The health secretary has said in a speech that the NHS needs to recruit more genomic counsellors to train doctors and nurses about DNA testing technology so they can explain the impact clearly to patients in the future.

Speaking at The Royal Society event on 20 March, Matt Hancock’s call for more counsellors will form part of the National Genomics Healthcare Strategy.

He said: “How do we train up doctors and nurses so they understand genetic data and are able to explain it in a way that people make the best decisions.

“We want to encourage people to take better care of themselves because that means we can prevent problems from arising and save the NHS time and money in the long-term.

“But if we’re going to expand this technology then we also need to get enough genetic counsellors into the NHS so they can help people with those difficult dilemmas and decisions.

“Because this isn’t just about physical health, but mental health. For some people there will be a big psychological impact from finding out news they weren’t prepared for.”

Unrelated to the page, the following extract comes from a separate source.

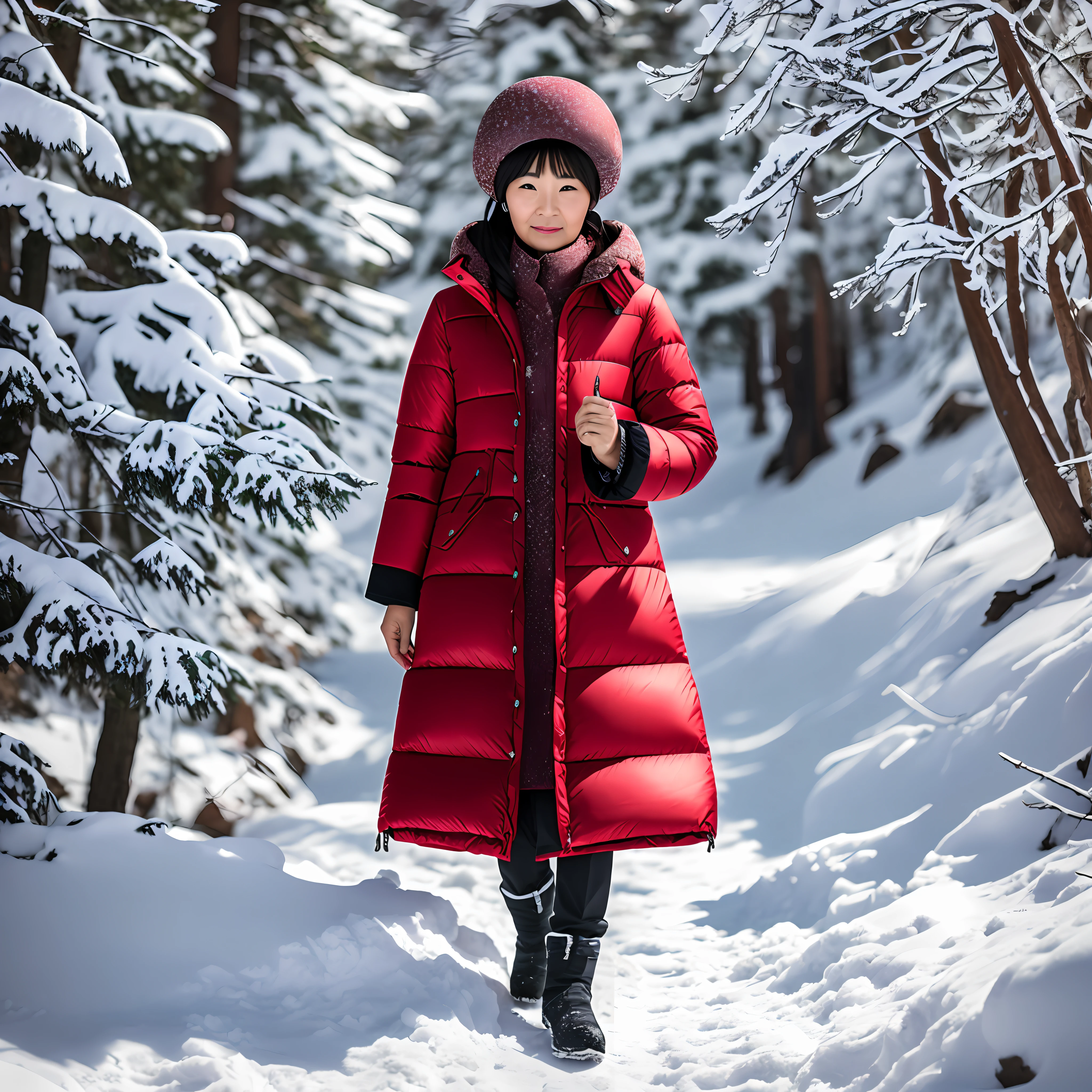 Chinese 45 years old woman, character costume, snow mountain, best quality, single full body photo, everyday photo, Sony A7M4, F1.6 lens, stereo light, long Yalu down jacket, natural light, real pictures --auto --s2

The secretary of state for health and social care has also called on the scientific community, charities, patients and clinicians to work with political leaders to develop an ethical framework to ensure patients can have confidence in the genomic technologies.

He said: “We must get predictive testing into the NHS as soon as we possibly can. I see it as a game-changer for cancer screening in the NHS and I’m determined that we harness this technology to save lives.

“I’ve been told we can currently only test for some cancers like prostate and breast cancer because the data on other cancers is locked away in research labs.

“Sometimes there are good ethical or scientific reasons and we have strict privacy rules in place to avoid sharing data that identifies patients without their consent.

“But sometimes it’s due to bureaucracy or because scientists don’t want to share their data.

“Data, funded by the British taxpayer, donated by the public, can’t be used for predictive testing because of bureaucratic blocking or a scientist wanting to have a monopoly: that’s an outrage.

“We will unlock that data. Because we must save lives. And I say this to any researcher, who is blocking data access: open up this data, publish or be damned.”

A review of the NHS’ cancer screening process is currently underway.

Led by Professor Sir Mike Richards, the review will recommended how the screening programmes can be upgraded to ensure patients and clinicians benefit from new technologies and treatments.

The final review is due to be published in the summer 2019.